Она уже совсем было открыла рот, чтобы ответить, но замерла, прислушиваясь к радиоприемнику. Передавали сводку последних известий. Букер Мейсон был обречен. Использовав все средства для апелляции, адвокат осужденного — он разговаривал с прессой, стоя на ступенях ричмондского Капитолия, — призвал законодателей штата воспользоваться трагедией Букера Мейсона как поводом для отмены бесчеловечного закона, противоречащего принципам справедливости, провозглашенным такими великими сынами Виргинии как Патрик Генри, Томас Джефферсон и Джеймс Медисон…
— Какую чушь несет этот маленький нью-йоркский еврейчик, — раздраженно отреагировала она. — Ему просто нравится быть в центре внимания.
Ее замечание вовсе не было антисемитским, как могло показаться на первый взгляд, — просто Изабель, типичная южанка из хорошей семьи, полностью разделяла взгляды своего крута. Нельзя сказать, что моя мачеха недолюбливала евреев, нет, просто она горячо любила все, что не имело никакого отношения к евреям, зато имело отношение к ней самой: женский колледж Рэндольф-Мейкон (куда принимали только англосаксов), Епископальную церковь и виргинский садоводческий клуб. Прямо скажем, совсем не еврейские организации. Впрочем, если отдать ей должное (что я честно старался делать при каждом удобном случае), Изабель тепло отзывалась о местных евреях, чьи имена всплывали за обеденным столом. Она была ревностной прихожанкой и не пропускала ни одной проповеди. Может, южные баптисты и тому подобные секты, состоящие из низших слоев общества, и воспитывали антисемитов, но благородная Епископальная церковь Изабель не опускалась до такой вульгарности. Фраза «нью-йоркский еврейчик» скорее говорила о неведении, чем о нетерпимости: «маленький нью-йоркский еврейчик», Лу Рабинович, чью фотографию в газете мачеха, в отличие от меня, явно не видела, на самом деле был больше шести футов ростом и как гора возвышался над своим тщедушным клиентом Букером Мейсоном, чье дело Национальная ассоциация содействия прогрессу цветного населения решила использовать как повод для внесения изменений в Конституцию. Лу Рабинович с его модным плащом, шейным платком и профилем Джона Берримора[29]

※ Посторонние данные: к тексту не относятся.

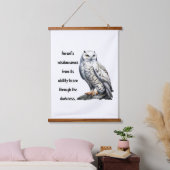 A beautiful white wise Owl Wandteppich Mit Holzrahmen (Schlafzimmer)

действительно любил быть в центре внимания, но мне он нравился и я следил за ним в новостях. Из его выступлений я понял, что Рабинович намерен перевернуть вверх дном всю юридическую систему Виргинии.— Это не чушь, — ответил я, может, чуть громче, чем следовало. — И что с того, что он любит быть в центре внимания? Он ведь пытается втащить этот тупой штат в двадцатый век!
Рабинович так и сыпал статистическими данными, поэтому все аргументы были у меня под рукой.
— А ты знаешь, Изабель, лишь в пяти штатах, включая Виргинию, предусмотрена смертная казнь за изнасилование! И за все эти годы в Виргинии четыреста семьдесят пять белых осудили за изнасилование и ни одного не казнили, а сорок восемь цветных насильников отправились на электрический стул! Какое тут, в жопу, правосудие!
— Придержи язык!
— Прошу прощения! — спохватился я.
В морской пехоте я настолько привык к непристойностям, что мне уже трудно было сдерживаться.
— Извини, но, мне кажется, ты не понимаешь. Смертная казнь за изнасилование — это просто средневековье какое-то!
На лице у нее появилось так хорошо известное мне выражение терпеливого страдания. Обычно дальше следовал комментарий, призванный возвысить ее в глазах окружающих.